In April 2026, more than 60 participants from across Europe gathered in Kassel for the THREE C Network Conference, bringing together researchers, practitioners, municipalities, businesses and project representatives to explore the future of the Circular Carbon Economy.
For the newly starting C5 project – Carbon Conversion Cycles: From Cultivation to Construction, the conference provided an important opportunity to connect the project’s objectives with a wider European discussion on circular carbon value chains.
The central theme of the conference was “From Waste to Value – A System of Opportunities”. It highlighted a simple but powerful idea: residual biomass, agricultural resources and organic waste streams can become valuable resources — but only if cultivation, processing, application, markets and regional cooperation are developed together.
Connecting different perspectives
Across presentations, workshops and discussions, several topics were explored that are directly relevant for C5:
- green waste and agricultural residues as local resources
- hemp as a multifunctional crop with diverse material applications
- woody biomass such as willow for energy, materials and other product pathways
- biochar as a circular carbon product with applications in soil, water, construction and purification
- construction as a sector with strong potential for circular and bio-based alternatives
These perspectives reflect the central idea of C5: circular carbon solutions cannot be developed in isolation. The project connects different biomass sources, cultivation systems, conversion processes and construction-related applications into broader Cultivation-to-Construction value chains.

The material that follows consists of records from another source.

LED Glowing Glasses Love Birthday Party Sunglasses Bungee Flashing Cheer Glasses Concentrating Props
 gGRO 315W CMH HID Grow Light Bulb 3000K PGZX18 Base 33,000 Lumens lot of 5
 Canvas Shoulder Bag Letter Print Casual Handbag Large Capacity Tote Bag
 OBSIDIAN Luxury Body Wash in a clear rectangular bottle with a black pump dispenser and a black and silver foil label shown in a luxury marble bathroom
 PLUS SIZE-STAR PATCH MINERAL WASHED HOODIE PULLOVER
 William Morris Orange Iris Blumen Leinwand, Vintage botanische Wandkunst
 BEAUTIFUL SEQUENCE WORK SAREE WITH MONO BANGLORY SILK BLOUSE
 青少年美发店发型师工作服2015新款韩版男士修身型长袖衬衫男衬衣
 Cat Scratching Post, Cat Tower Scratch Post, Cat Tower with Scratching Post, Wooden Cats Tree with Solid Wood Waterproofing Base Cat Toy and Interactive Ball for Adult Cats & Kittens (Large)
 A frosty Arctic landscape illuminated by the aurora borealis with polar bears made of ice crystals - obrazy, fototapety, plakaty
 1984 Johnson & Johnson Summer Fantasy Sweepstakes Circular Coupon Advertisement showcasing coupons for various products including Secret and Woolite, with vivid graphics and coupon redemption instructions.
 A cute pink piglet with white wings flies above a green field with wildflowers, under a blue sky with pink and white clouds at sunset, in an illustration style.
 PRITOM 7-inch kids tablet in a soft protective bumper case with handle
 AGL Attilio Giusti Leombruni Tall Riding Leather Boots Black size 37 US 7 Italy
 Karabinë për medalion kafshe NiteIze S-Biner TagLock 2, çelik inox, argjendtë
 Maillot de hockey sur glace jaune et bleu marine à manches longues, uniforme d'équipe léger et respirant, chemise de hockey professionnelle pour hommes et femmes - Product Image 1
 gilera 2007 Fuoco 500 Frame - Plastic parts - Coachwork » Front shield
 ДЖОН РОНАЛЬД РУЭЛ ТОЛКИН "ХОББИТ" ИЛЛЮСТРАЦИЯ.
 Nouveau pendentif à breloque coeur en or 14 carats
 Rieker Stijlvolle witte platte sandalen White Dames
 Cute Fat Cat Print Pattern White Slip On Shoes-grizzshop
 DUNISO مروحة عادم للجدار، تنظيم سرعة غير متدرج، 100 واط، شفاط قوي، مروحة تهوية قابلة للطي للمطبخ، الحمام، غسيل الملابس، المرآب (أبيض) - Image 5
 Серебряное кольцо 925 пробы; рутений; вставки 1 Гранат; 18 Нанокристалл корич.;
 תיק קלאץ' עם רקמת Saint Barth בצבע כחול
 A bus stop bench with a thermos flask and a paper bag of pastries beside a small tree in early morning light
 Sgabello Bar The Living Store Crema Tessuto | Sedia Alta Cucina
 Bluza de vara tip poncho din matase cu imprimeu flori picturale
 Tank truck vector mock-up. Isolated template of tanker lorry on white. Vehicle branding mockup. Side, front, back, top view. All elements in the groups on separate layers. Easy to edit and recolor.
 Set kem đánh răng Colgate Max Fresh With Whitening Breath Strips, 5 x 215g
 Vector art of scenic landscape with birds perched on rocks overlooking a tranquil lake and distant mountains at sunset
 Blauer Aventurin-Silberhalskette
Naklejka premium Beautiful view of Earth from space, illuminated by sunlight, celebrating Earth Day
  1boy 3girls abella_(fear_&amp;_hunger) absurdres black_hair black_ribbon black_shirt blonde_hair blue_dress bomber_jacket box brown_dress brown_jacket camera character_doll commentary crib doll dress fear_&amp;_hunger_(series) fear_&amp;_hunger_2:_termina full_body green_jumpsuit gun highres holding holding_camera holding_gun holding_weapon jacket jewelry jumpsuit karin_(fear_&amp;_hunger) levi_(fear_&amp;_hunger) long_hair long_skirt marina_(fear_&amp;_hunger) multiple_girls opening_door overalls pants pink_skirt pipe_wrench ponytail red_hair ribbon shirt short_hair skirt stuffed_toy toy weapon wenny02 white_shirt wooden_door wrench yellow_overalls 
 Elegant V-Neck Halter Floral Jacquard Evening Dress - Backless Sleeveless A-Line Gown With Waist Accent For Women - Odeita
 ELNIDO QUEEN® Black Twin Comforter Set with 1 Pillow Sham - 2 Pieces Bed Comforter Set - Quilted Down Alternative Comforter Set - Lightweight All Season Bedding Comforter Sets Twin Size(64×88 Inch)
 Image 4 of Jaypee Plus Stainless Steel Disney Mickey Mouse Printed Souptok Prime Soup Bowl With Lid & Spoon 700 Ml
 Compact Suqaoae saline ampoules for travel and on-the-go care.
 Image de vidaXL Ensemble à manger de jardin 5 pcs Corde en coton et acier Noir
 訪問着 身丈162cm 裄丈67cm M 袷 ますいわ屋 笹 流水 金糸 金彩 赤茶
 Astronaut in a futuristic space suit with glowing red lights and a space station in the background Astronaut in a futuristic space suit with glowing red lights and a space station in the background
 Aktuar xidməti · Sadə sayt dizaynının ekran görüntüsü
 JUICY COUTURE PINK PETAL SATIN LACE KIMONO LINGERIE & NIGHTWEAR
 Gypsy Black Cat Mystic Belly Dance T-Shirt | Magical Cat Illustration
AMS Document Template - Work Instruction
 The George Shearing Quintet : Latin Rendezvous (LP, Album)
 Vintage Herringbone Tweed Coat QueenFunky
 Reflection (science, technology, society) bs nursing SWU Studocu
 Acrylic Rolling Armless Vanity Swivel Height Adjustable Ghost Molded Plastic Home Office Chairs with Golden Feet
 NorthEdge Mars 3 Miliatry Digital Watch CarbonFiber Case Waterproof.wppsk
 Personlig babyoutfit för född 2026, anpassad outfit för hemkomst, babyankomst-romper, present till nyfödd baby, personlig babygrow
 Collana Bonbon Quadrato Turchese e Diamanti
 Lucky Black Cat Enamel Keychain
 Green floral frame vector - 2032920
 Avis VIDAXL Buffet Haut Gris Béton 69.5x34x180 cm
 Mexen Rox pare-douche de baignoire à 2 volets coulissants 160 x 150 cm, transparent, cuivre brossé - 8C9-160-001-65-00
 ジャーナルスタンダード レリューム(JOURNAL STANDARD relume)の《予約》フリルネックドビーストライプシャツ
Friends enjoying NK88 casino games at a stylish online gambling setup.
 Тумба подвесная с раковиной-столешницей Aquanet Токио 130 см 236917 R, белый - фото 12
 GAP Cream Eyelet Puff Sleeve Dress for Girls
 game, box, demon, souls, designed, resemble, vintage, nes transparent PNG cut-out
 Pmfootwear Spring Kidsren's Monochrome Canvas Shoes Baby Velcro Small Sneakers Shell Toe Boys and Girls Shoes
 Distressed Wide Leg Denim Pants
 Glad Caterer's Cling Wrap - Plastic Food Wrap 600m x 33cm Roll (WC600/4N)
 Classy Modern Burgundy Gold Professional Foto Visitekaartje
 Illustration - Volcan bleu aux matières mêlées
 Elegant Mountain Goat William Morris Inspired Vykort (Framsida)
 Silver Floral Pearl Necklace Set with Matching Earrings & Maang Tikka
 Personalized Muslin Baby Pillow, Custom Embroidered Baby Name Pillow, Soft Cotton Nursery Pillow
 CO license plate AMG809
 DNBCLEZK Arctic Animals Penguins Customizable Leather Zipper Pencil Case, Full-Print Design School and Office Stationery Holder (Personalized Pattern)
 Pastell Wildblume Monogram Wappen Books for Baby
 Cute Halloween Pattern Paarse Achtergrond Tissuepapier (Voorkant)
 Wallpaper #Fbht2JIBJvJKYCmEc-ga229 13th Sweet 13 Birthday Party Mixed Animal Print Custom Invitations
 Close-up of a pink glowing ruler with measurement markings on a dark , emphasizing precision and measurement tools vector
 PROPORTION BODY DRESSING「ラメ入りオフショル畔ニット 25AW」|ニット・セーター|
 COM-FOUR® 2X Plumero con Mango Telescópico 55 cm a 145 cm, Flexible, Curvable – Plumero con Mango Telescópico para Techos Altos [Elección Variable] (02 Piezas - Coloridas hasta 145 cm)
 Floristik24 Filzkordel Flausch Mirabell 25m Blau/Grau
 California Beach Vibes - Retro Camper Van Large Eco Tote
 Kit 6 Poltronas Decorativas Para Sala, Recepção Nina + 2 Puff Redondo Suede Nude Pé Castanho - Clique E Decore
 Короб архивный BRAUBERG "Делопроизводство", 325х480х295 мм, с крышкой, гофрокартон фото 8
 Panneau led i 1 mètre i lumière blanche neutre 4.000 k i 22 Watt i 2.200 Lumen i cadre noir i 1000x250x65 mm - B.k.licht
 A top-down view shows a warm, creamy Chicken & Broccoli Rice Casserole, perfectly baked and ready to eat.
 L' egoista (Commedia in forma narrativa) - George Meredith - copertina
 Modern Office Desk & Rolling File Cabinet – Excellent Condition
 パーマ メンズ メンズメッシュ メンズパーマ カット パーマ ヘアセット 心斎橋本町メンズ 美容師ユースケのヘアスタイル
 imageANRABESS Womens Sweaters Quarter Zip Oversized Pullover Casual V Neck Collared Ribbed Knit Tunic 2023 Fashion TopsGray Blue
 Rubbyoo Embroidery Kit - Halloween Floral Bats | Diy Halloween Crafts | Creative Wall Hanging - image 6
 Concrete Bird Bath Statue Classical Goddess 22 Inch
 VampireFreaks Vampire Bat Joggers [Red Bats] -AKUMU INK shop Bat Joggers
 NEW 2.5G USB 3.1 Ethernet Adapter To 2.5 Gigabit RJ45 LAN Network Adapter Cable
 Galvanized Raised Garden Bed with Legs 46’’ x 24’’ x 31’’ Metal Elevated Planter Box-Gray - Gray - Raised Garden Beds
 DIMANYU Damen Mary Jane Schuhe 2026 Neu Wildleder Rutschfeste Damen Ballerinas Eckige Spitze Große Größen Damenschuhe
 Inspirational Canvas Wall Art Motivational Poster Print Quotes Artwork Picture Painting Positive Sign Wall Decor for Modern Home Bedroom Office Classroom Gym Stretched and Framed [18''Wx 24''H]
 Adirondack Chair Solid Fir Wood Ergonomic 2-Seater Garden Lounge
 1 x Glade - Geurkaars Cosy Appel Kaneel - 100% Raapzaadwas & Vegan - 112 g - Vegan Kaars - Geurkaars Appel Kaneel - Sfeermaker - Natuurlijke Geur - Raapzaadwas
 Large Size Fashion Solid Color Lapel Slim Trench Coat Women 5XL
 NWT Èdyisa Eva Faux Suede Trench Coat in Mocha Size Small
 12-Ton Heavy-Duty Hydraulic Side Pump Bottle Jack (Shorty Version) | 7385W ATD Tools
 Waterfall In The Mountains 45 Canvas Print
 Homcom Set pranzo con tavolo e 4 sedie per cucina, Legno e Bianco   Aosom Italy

From innovation to implementation
A key theme throughout the conference was the gap between promising ideas and real-world implementation. Many circular carbon solutions already exist at technical or pilot level, but wider uptake still faces challenges.
These include unclear business cases, complex certification requirements, fragmented value chains, limited awareness among stakeholders and logistical barriers between cultivation, processing and end use.
For C5, these challenges are highly relevant. The project aims not only to test new material and biomass applications, but also to understand what is needed to make circular carbon value chains practical, transferable and economically meaningful.
Why the conference mattered for C5
The THREE C Network Conference showed that the foundations for a Circular Carbon Economy are already visible. Many actors are working on promising solutions — from biochar and biomass conversion to hemp-based materials, willow applications, green waste use and circular construction.
At the same time, the conference made clear that stronger connections are needed between ideas, regions, sectors and markets. This is where C5 can contribute.
By linking rural biomass production with circular applications in the construction sector, C5 aims to support new regional value chains, create added value for rural and peri-urban areas, and contribute to a more resource-efficient economy across North-West Europe.
Events such as the THREE C Network Conference are therefore more than moments of exchange. They help build the networks, trust and shared understanding needed to move circular carbon solutions from individual ideas towards practical implementation.